Haben Sie neue Sponsoren gefunden oder muss der Männerbereich Abstriche hinnehmen?

Das zweite wird der Fall sein. Wir wollen trotzdem versuchen, den Klassenerhalt in der Landesliga zu schaffen. An der Sponsorenfront ist es zuletzt nicht gerade leichter geworden. Einige Unternehmen haben sich ganz oder teilweise zurückgezogen. Das Dynamo-Spiel hat uns auf der anderen Seite aber Mut gemacht. Da haben wir viel Unterstützung erfahren. Wir würden uns nur wünschen, dass es diese Unterstützung die ganze Saison über gäbe.

Was sagt das neue Nachwuchskonzept?

Wir wollen eine klare Außendarstellung als leistungsorientierter Ausbildungsverein mit der Ausrichtung auf einen langfristigen Leistungsaufbau über alle Altersklassen. Im Kleinfeldbereich bis zu den D-Junioren und ggf. zum Wechsel der besten Talente an die Sportschulen sowieso, in den Großfeld-Spielklassen ab den C-Junioren über Spielgemeinschaften mit Eintracht Niesky. Das hat sich mit dem Landesklassen-Staffelsieg der A-Junioren ja bereits ausgezahlt und soll weiter fortgesetzt werden.

Hoffen Sie so, mehr eigene Spieler für das Landesligateam zu generieren?

Ja. Natürlich hätte ich gern mehr Spieler wie Richard Hildebrand, der von der Sportschule den Weg zurück zu uns gefunden hat, oder Jonathan Schneider, der den kompletten Nachwuchs in Görlitz gespielt hat. Wir wissen, dass das ein schwieriger Weg ist und brauchen auch die Akzeptanz der Zuschauer und Sponsoren, dass wir uns auch künftig teilweise mit anderen Spielern behelfen müssen. Einige, wie aktuell Torsten Marx oder Khaddy Kazadi, sind ja inzwischen schon gefühlte Görlitzer.

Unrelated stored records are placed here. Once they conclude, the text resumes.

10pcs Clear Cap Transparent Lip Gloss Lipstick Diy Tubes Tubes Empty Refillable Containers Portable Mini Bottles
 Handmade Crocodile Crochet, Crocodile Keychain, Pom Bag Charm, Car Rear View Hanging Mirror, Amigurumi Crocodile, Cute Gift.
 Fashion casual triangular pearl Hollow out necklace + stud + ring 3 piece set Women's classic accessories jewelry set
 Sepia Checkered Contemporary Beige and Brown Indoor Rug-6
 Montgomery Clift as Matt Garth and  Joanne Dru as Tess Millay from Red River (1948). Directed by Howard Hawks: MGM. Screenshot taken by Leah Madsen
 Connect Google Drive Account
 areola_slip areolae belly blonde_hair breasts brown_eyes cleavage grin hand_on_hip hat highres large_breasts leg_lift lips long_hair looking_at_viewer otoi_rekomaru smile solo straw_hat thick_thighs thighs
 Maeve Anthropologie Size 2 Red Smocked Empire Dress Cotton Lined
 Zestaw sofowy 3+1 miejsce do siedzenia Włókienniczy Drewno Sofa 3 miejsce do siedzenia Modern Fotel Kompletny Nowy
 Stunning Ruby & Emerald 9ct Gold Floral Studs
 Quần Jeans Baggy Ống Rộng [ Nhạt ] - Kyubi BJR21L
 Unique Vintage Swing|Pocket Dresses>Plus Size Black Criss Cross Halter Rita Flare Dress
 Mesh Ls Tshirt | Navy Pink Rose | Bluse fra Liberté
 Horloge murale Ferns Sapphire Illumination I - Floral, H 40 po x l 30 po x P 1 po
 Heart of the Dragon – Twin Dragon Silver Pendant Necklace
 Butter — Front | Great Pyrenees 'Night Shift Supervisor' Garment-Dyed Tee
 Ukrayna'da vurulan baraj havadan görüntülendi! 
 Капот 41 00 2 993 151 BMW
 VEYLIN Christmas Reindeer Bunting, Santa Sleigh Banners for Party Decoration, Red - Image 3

Wenn Sie einen Wunsch frei hätten…

… dann wäre das eine bessere Zusammenarbeit mit der Stadt. Ein aktuelles Beispiel: Der Schornsteinfeger hat uns die Heizungsanlage bei den Gästekabinen auf der ,Jungen Welt’ gesperrt. Der 40 Jahre alte Heizkessel ist kaputt. Das Gebäude gehört der Stadt, wir sind nur Pächter. Die Stadt aber teilt mit: Wir haben kein Geld, können kurzfristig nichts machen. Sollen wir jetzt das Stadion sperren? Da wirst du als Funktionär müde.